谢临川干咳一声,建议道:“要不……我带他去远处?”
胡旺春直接炸了,“我凭啥听你俩的?我爸是支书,你们有本事就告我去!看谁倒霉!”
说着直接转身就走了。
薛忍冬一脑门子官司。
我能忍这口气?
直接把一根鱼叉当标枪投了出去。
鱼叉嗡地一声落在胡旺春旁边,胡旺春终于知道害怕了。
“你、你给我等我!”胡旺春回头指着薛忍冬,见她又举起第二根鱼叉,顿时吓得跳了起来,撒丫子就跑。
一边跑还一边叨叨,“这女人疯了!”
薛忍冬对着胡旺春越来越小的背影又作势挥了一下鱼叉。
“丑东西!算你跑得快!”
谢临川眼巴巴地看着这一幕,欲言又止,最终还是什么也没说,走过去把薛忍冬扎在土里的那根鱼叉拔了起来,送还给薛忍冬。
“谢谢啦!”薛忍冬把鱼叉归拢在一起,佯装从口袋、实际上是从背包里拿出了用空的小瓷盒,“这个还你,本来打算下午去你那一趟的,没想到在这里遇见了你。”
谢临川低头接过小瓷盒,目光不经意扫过薛忍冬白皙的小腿,慌忙将目光换了个方向,淡声说道:“你……在乡下裤腿还是不要挽太高。这边保守闭塞、万一有人起歹心,对你不好。”
薛忍冬听见这话,后知后觉地意识到,刚才胡旺春那王八蛋躲在树后,应该是偷看她腿了。
“我会注意的,谢谢你的提醒。”
谢临川点了点头,没再多说什么,背着药篓沿着河岸走远了。
薛忍冬一个人在河里忙碌了大半天,直到下午饥肠辘辘了,才终于收起鱼叉往回走。
她这一上午到手了不少熟练度,但真正叉到的鱼却不算多,只有两条女孩子巴掌长的鲫鱼算是大鱼,剩下的都是一些手指长的老头鱼,因为头大比较好命中,勉强凑了半盘的数量。
即便如此,薛忍冬回去的时候,大家也都很惊喜。
“竟然真的抓到鱼了!”姜连翘拍了一下薛忍冬的肩膀,“我发现你有两下子啊!说打麻雀就能打到,说捉鱼也能捉到!你早该这样了,这不是挺厉害的嘛!我看你以前就是缺乏勇气!”

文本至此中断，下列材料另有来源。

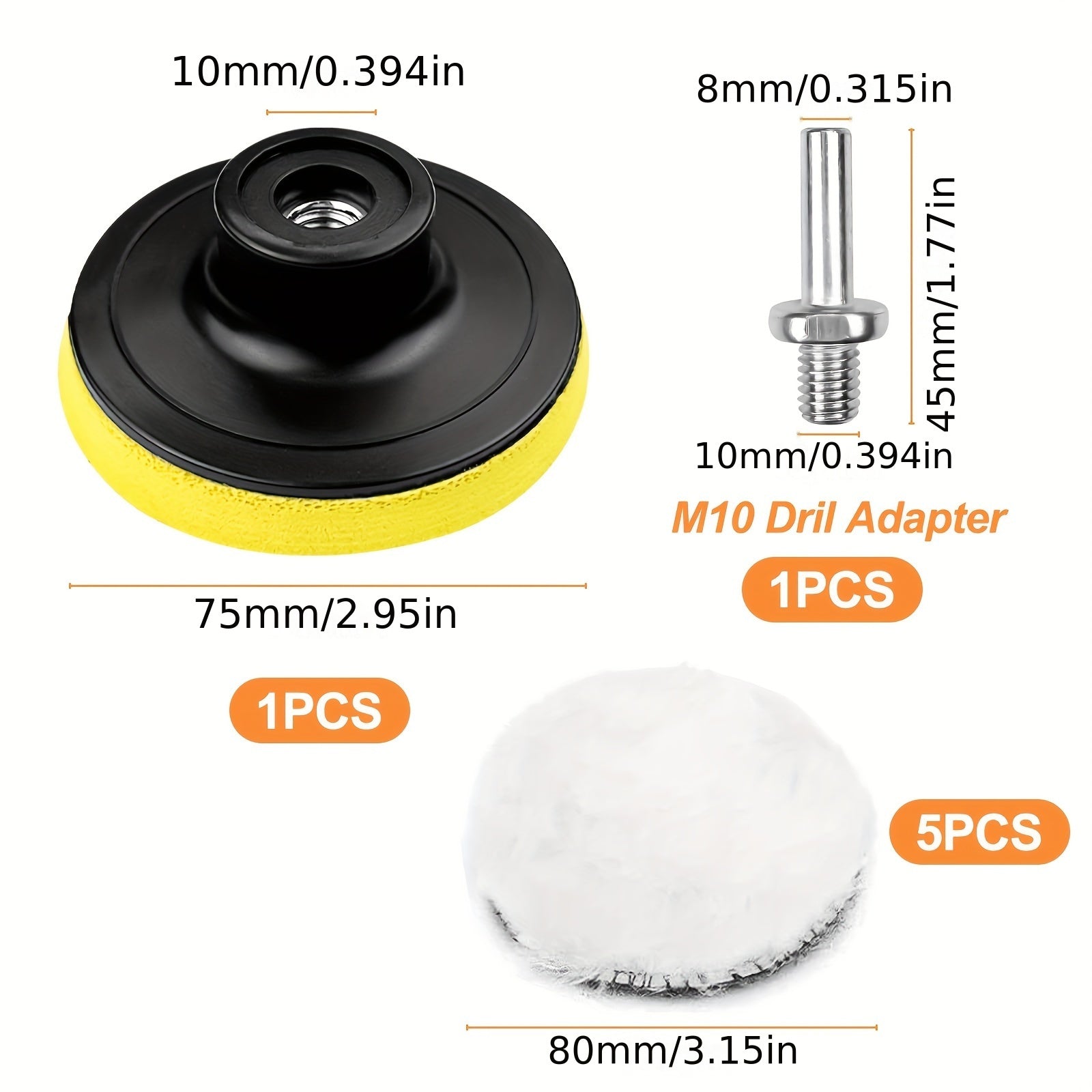 7-Piece Car Polishing Kit Wool Pads for Sanding Waxing M10 Adapter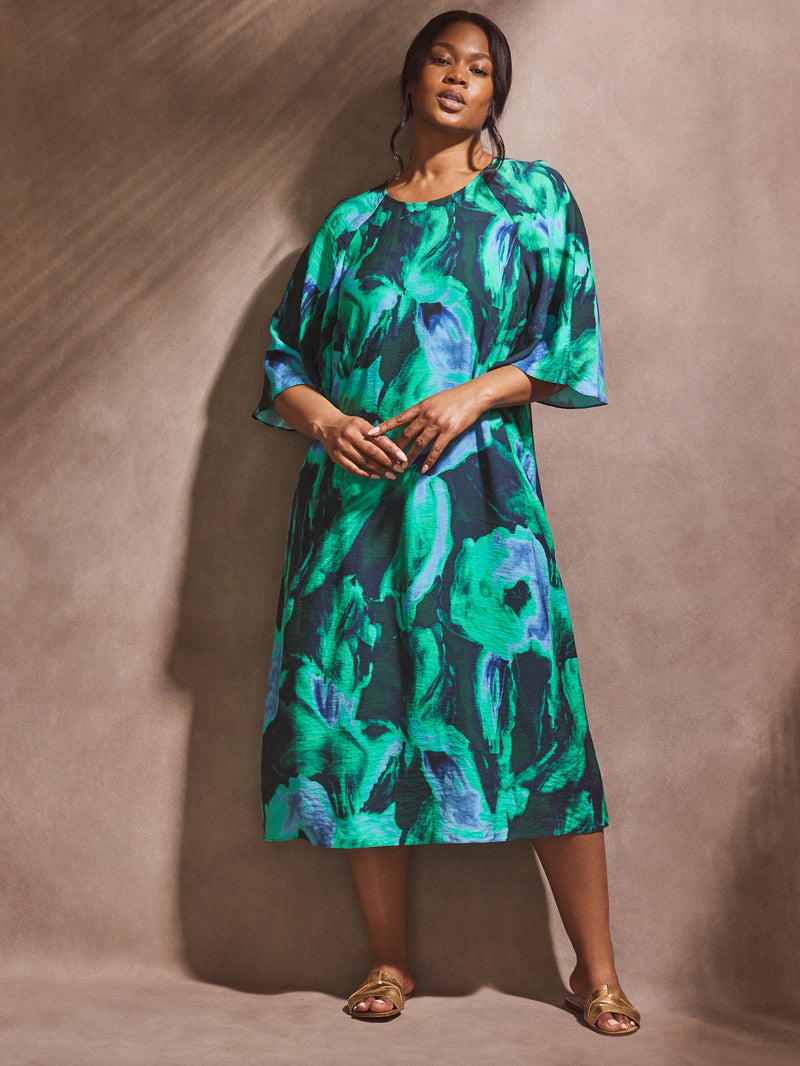 Green Abstract Print Flutter Sleeve Midi Dress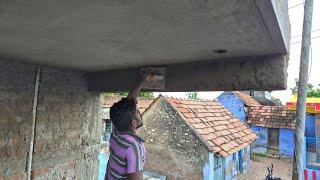 Plastering Techniques_Portico Concrete Beem Plastering with Cement Mixing|Entrance Roof Beem Plaster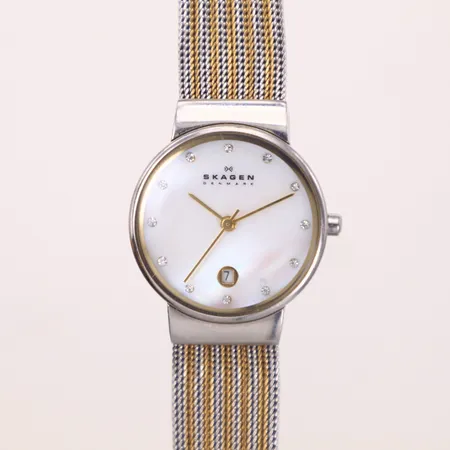 Damur Skagen, stål, quartz, 26mm, boettnr: 355SSGS, 2471502, datum, urtavla med pärlemor, länk i flerfärgat stål, inga tillbehör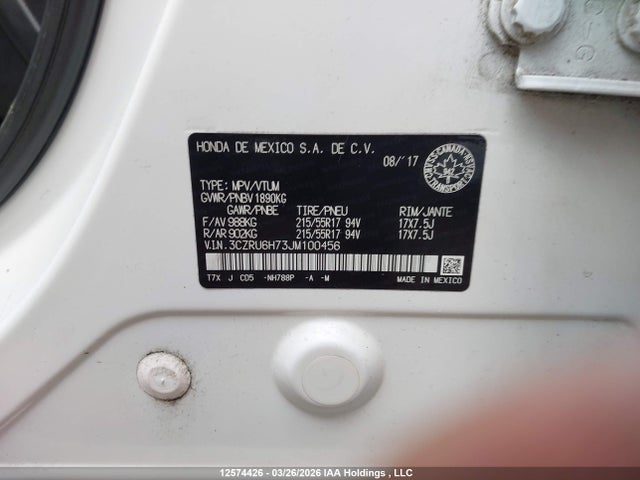 3CZRU6H73JM100456 Honda Hr-v Ex-l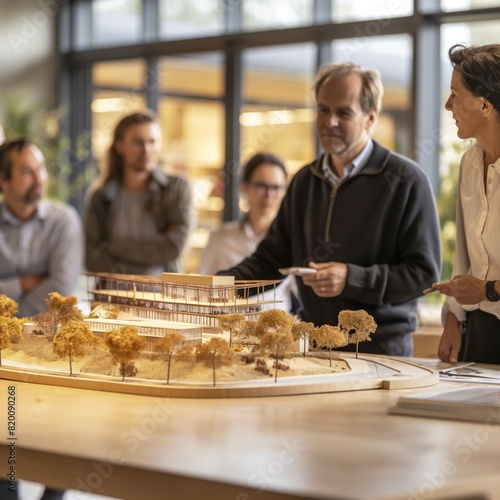 A group of people are gathered around a table with a model of a building. Scene is collaborative and focused  as the group is discussing the design and features of the building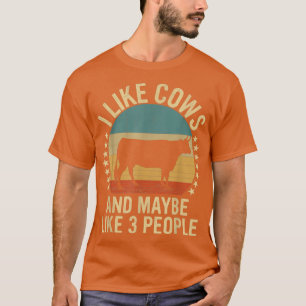 Camiseta Eu Gosto De Vacas E Talvez Como 3 Pessoas De Fazen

这时裴念偷偷拉了拉姜连翘的袖子,把她拉到了一边,低声说道:“忍冬都给咱们分了好几天的烤麻雀了,咱们也不好总吃她的吧?”
姜连翘想了想,说道:“等男知青回来,饭桌上我说说这事。”
于是等薛忍冬做好一大盘黄豆酱炖杂鱼、端上桌的时候,就听见姜连翘说道:“虽说咱们知青点应该团结一致,但也不能老让薛忍冬一个人付出。咱们从前帮衬的那点粮食,这十来天也算扯平了。我提议,从今天开始,咱们每人每天都提供点打牙祭的好东西,一起改善伙食。至于不愿意参加的人,不参与分配就好了,你们觉得怎么样?”

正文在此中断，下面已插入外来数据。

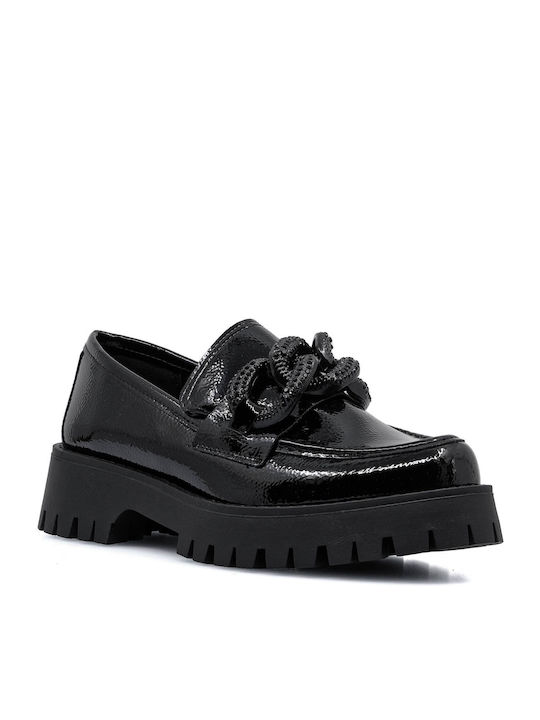 Exe Leather Women's Moccasins in Black Color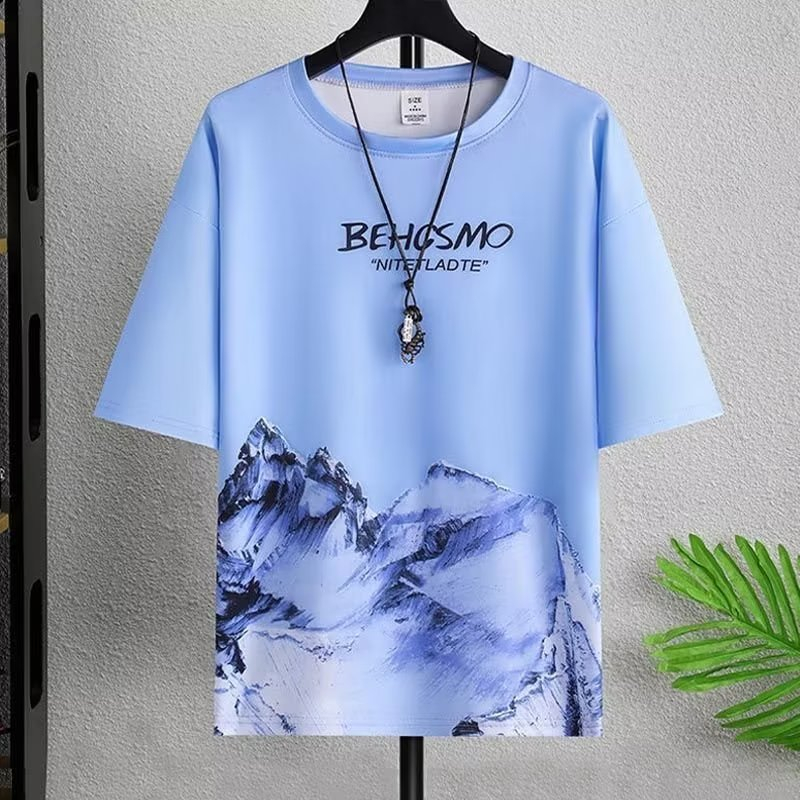 Áo Thun Lụa Lạnh Tay Lửng Dáng Rộng Thời Trang Mới Cho Nam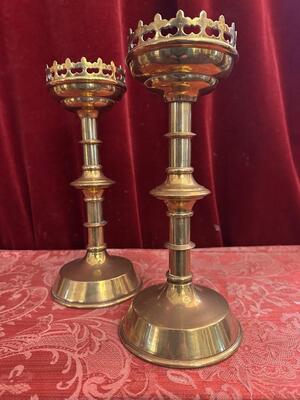 Candle Holders  style Gothic - Style en Brass / Bronze, Belgium  19 th century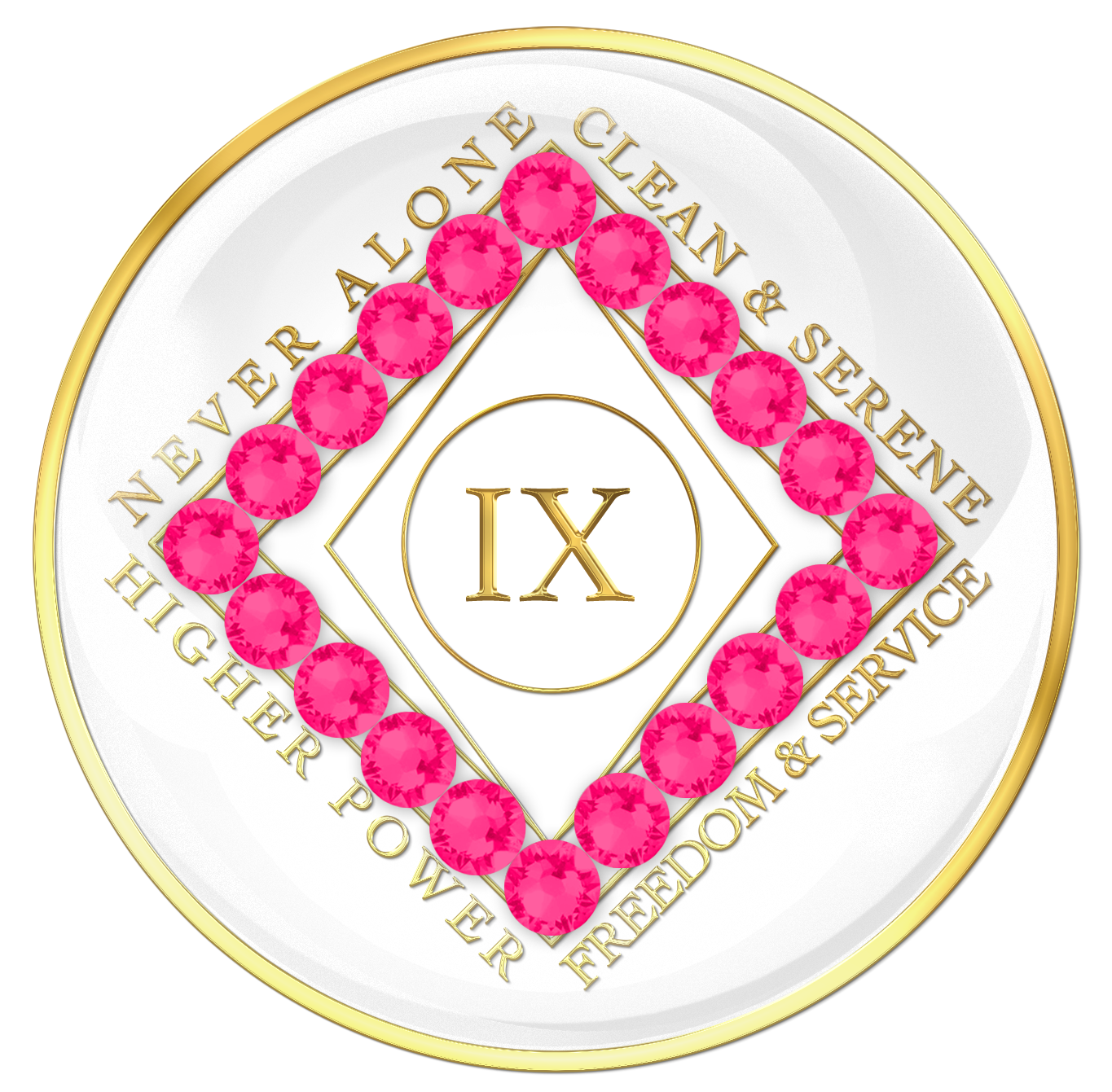 Clean Time Chip White with Neon Pink Crystals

李知珩在知青里家世最好,第一个说道:“我没意见,不过我家里寄来的很多东西都是现成的,不如以后每天歇气时的小零嘴就由我来提供吧!”
楚培章则说道:“我工分最高,年底分的细粮也多,拿出来大家一起吃好了。”
“我哥每个月都给我寄肉罐头。”裴念说道。
“我目前有挂面和几张肉票。”
大家你一言我一语地,各自说了自己出的东西,搭伙改善伙食的事,很快便敲定了。
……
几天后。
时间到了7月底。
距离薛忍冬穿过来,也过了半个多月。
这天村里人聚在一起,看各个小队的计分员和会计核对大家这个月的工分。
薛忍冬和知青们站在一块,有一搭没一搭地讨论着各自的工分。
这时会计猛地拔高了声音,质问道:“胡旺春,这记分册是怎么回事?是不是你改的?”
原本喧闹的人群一下子静了下来,所有人都将目光汇聚到了会计和胡旺春身上。
胡旺春低着头,一副心里有鬼的样子。
半晌,突然抬头看向薛忍冬的方向。
薛忍冬皱起眉头,下意识觉得不好。
果然,下一秒,胡旺春就大声说道:“大队长、方会计,我对不住大伙儿!我和薛忍冬处了对象,一时犯了糊涂,才替她改了工分!”
村里人一阵哗然。
“啥?薛知青和胡旺春处对象了?”
“不能吧!前阵子赵家小子要替她干活她都没瞧上,咋能看上……”
“这可难说,赵家哪有支书家日子过得好啊!”
“真不害臊!多吃多占,凭啥咱们干活儿给她多分钱分粮啊?”
知青里,姜连翘第一个跳出来反驳,“你胡说什么?薛忍冬每天上工下工都和我们一起,哪有工夫处对象?”
胡旺春眼珠子一转,说道:“你们放假的时候也跟她一块?”
姜连翘一下子卡壳了,半天憋出一句,“那她也是抓鱼去了!”
“我们俩就是在河边幽会的!”胡旺春话说得很不要脸。
薛忍冬抱着手臂观察了一会儿,发现人群里胡映秋也一脸不怀好意,立刻明白,这是胡家兄妹蓄谋已久的诡计。
她冷笑一声,分开人群,走到了胡旺春面前,一开口,就让周围的人大跌眼镜。